For internal audit reports issued between 1 October 2008 and 30 June 2012
The disclosure of internal audit reports to Member States and to eligible donors is governed by the UNDP oversight policy and related decisions of the UNDP Executive Board. Requests for access to internal audit reports should be made in writing to the UNDP Administrator, with a copy to the Director of the Office of Audit and Investigations (OAI), stating the reason and purpose for the request and confirming adherence to the procedures for disclosure of internal audit reports, including confidentiality. For details of the disclosure process, see document "Procedures for disclosure of internal audit reports".
A rating of "satisfactory" means that internal controls, governance and risk management processes were adequately established and functioning well; the audit has not disclosed any issues that would significantly affect the achievement of the objectives of the audited entity.
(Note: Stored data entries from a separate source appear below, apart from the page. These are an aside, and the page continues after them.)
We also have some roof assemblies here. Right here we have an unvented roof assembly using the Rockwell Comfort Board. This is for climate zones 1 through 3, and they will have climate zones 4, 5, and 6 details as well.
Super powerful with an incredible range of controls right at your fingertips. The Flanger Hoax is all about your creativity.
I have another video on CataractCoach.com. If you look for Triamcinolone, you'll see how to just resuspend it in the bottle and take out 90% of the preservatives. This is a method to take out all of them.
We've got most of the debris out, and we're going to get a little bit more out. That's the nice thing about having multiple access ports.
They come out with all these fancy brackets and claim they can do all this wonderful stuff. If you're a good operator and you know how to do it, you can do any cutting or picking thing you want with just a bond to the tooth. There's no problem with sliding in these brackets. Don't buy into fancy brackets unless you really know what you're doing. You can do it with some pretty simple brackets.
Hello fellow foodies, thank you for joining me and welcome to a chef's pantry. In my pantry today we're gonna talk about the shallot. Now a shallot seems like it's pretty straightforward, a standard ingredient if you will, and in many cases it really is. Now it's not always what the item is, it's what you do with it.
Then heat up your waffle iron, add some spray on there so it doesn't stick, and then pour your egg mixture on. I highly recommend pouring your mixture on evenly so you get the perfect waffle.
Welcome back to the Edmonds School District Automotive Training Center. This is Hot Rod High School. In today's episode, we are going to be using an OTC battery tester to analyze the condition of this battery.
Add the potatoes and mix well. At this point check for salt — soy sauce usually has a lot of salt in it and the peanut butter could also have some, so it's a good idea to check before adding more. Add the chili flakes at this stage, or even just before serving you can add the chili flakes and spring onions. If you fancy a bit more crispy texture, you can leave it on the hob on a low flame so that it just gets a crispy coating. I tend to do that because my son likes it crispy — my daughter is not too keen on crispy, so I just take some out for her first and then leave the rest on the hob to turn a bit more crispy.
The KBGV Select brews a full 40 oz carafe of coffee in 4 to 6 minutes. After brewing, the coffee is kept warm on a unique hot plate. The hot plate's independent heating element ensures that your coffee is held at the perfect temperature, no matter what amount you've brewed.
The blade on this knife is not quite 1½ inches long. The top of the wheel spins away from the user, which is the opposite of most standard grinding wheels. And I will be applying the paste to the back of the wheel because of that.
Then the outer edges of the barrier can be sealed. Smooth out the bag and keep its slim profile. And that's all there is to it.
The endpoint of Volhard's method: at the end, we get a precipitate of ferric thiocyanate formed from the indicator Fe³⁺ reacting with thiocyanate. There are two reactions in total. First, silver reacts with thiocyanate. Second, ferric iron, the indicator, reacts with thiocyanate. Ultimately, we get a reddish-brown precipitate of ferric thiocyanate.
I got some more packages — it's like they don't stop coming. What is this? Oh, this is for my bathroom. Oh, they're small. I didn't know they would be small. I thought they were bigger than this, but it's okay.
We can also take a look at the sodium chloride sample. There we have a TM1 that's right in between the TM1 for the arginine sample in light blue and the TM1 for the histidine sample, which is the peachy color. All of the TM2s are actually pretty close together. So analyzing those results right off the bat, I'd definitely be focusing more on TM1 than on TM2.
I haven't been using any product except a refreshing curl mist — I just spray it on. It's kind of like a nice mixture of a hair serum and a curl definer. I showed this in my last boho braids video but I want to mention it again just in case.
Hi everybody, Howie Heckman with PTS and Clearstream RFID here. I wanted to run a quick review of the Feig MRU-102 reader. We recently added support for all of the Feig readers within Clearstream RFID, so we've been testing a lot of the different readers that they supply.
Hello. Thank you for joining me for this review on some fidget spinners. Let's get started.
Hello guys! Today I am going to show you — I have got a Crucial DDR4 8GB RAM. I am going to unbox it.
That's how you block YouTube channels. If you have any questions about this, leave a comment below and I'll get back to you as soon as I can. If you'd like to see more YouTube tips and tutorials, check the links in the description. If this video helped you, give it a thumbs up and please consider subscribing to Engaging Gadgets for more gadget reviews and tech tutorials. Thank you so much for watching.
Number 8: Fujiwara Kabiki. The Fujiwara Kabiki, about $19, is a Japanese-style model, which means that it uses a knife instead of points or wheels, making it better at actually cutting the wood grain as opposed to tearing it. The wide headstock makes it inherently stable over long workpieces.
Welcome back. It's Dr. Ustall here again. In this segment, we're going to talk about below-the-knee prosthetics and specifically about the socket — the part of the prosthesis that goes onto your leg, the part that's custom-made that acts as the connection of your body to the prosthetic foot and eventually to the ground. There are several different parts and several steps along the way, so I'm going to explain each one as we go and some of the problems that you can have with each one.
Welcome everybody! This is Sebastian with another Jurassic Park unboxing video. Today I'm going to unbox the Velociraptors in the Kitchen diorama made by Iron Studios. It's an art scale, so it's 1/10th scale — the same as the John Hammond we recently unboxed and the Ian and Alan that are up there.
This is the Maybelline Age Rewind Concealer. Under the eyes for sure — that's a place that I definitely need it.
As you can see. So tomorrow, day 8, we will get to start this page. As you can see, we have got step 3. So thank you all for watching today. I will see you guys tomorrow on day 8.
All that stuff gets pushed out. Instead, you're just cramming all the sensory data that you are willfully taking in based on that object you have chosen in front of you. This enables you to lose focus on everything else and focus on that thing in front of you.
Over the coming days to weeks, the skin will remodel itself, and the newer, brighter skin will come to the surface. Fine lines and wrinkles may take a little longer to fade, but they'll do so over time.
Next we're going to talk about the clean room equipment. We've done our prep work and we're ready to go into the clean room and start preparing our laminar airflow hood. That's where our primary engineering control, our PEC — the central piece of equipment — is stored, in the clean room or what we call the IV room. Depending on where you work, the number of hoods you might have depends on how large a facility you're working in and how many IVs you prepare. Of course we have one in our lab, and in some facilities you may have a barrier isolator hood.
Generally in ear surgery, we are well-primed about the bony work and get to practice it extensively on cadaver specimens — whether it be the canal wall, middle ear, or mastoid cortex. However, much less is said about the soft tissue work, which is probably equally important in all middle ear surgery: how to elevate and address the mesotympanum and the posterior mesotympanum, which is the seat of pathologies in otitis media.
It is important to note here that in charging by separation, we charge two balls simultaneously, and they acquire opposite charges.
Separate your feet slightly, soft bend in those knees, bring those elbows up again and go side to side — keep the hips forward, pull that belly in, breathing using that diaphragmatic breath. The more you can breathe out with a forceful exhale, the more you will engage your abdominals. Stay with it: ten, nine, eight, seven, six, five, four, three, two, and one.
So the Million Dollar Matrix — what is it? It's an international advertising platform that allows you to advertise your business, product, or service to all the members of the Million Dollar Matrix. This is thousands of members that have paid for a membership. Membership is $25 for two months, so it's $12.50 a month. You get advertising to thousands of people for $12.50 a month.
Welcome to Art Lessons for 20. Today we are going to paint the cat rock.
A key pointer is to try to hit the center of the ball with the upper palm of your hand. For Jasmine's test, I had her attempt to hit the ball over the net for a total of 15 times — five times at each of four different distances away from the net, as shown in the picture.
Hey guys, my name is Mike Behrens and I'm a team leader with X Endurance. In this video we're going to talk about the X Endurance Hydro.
A rating of "partially satisfactory" means that internal controls, governance and risk management processes were generally established and functioning, but needed improvement; the audit has disclosed one or several issues that may negatively affect the achievement of the objectives of the audited entity.
A rating of "unsatisfactory" means that internal controls, governance and risk management processes were either not established or not functioning well; the audit has disclosed significant issues that need to be addressed as a matter of priority in order not to compromise the achievement of the audited entity's objectives.